Old Chart Recorder Becomes Single-Pixel Scanner

With so many ways to capture images from paper, do we really need another one? Especially one that takes 15 minutes to capture a 128×128 pixel image? Probably not, but building a single-pixel RGB scanner is pretty instructive, and good clean fun to boot.

We have to admit that when [Kerry Wong] scored an ancient Hewlett-Packard X-Y chart recorder a while back, we wondered if it would lead to anything useful. One may quibble with the claim that the Lorenz attractor plotter he built with it is useful, and this single pixel scanner is equally suspect, but we like the idea. Using an Arduino to drive the X- and X-axis of the recorder through a raster pattern over the bed and replacing the pen with an RGB sensor board, [Kerry] was able to collect the color data for each pixel and reconstruct the image. It wouldn’t be too hard to replicate this if you don’t have an analog X-Y recorder, which just goes to show that not everything needs to be steppers and digital to get something useful done. Or at least semi-useful.

As for the RGB sensor used, they’ve made appearances here many times before, mostly in M&M sorters but with the occasional synesthesia simulator.

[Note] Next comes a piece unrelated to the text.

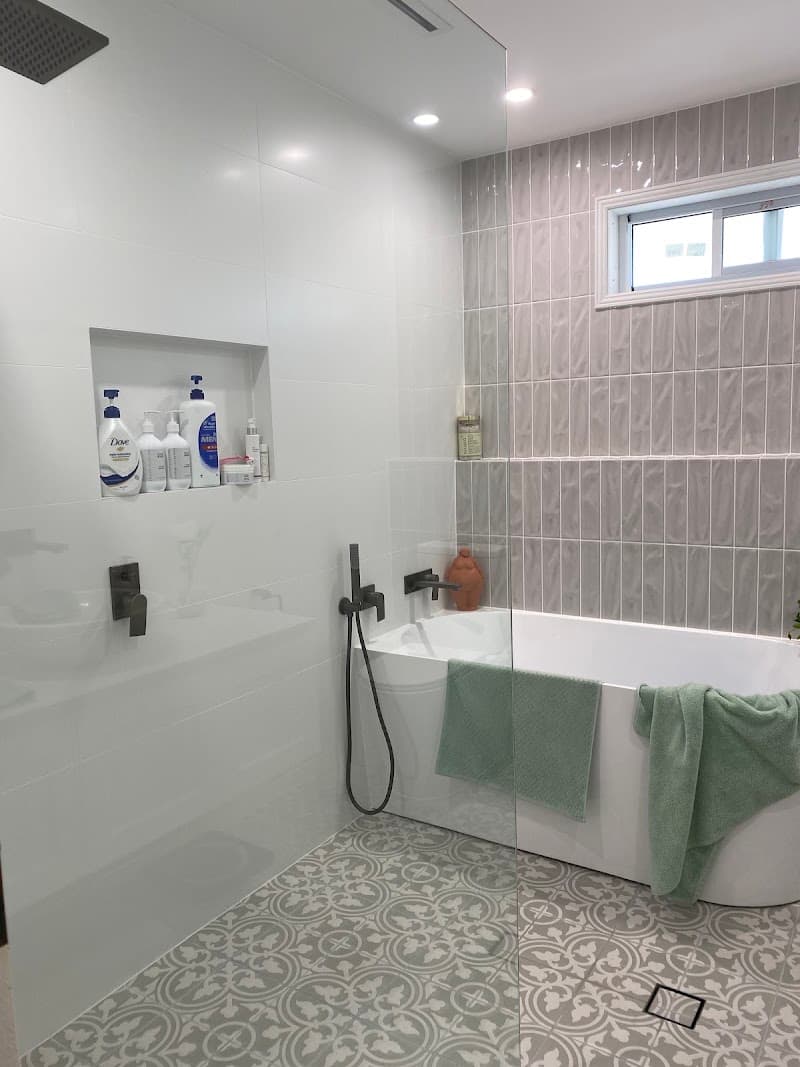 Big kevs tiling tiling work in Lethbridge Park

7 thoughts on “Old Chart Recorder Becomes Single-Pixel Scanner

  1. I made something like this a very long time ago, but it was black and white and did not record digitally. It just moved back and forth, then down a row to get through a page. It dropped a pen on seeing black, and raised it on white. Basically it worked the same way a key copying machine does, but it made crude photocopies instead of keys. Ah to be 12 again…

  2. I remember this hack from ZX Spectrum – there were several plotters available for it, so it was only a matter of replacing the pen with a gutted one containing a photodiode or phototransistor and a bit of electronics. No fancy color sensors required.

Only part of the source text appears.